The key technology is IoT. So, sensor-enabling the municipalities so that we can understand what’s going on and that involves understanding have a holistic view of all aspects and the intricacies of a city. The bottom line is that sensor technology in the IoT context is key. When I say IoT context I mean that we get a view of the whole city across these different domains of the life of the city as it’s captured in the sensor data.
How do you solve the problem of connectivity?
This is specifically why we are partnered with Cisco in this initiative, because Cisco is a leader in this capability. Cisco has this concept, which they refer to internally as fog computing.

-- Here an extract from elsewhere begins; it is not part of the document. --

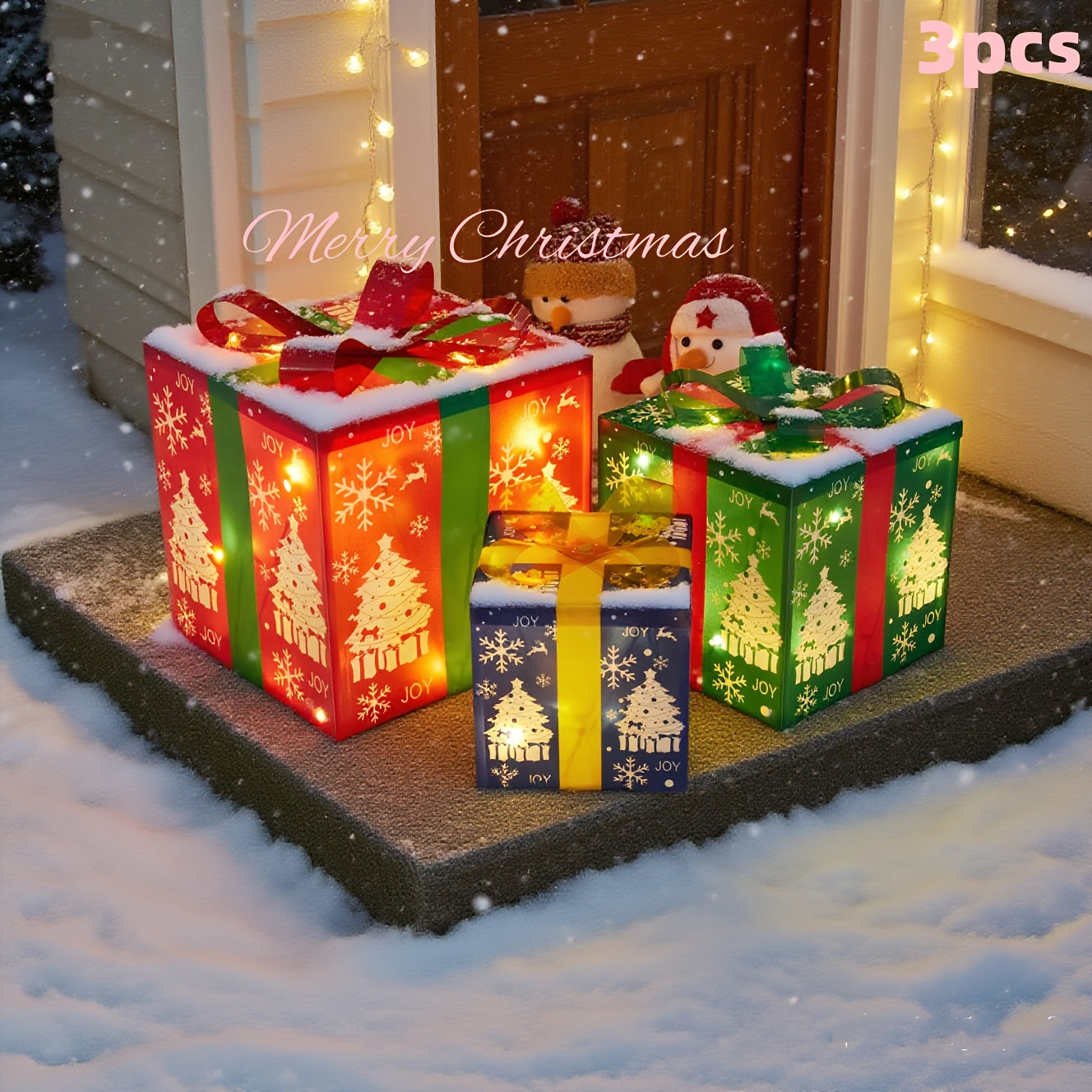 Lighted Christmas Gift Box Set of 3 with LED Lights, Outdoor Indoor Holiday Decor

The idea is taking this notion of a centralised cloud infrastructure and pushing that out to the edge and creating smart devices, and creating the interoperability through intense networking technology between the interspersed devices throughout a city. Networks are becoming more cost effective to deploy, they’re much faster than they were in terms of latency, and so that means we’re able to do things that you couldn’t conceive of a decade ago.
Having said that, we specifically do not take every single event that happens in a city every second and bring that back to a centralised infrastructure. For the architecture that we use, again this is fog computing, we bring the data into the Teradata technology – our analytics platform – we do the analysis, the training if you will to develop the rules for you’re going to automate the execution, whether it’s energy delivery or transportation orchestration, or whatever it is. We build those rules using machine learning and deep learning algorithms. We then create rule sets, and we push them out to the edge.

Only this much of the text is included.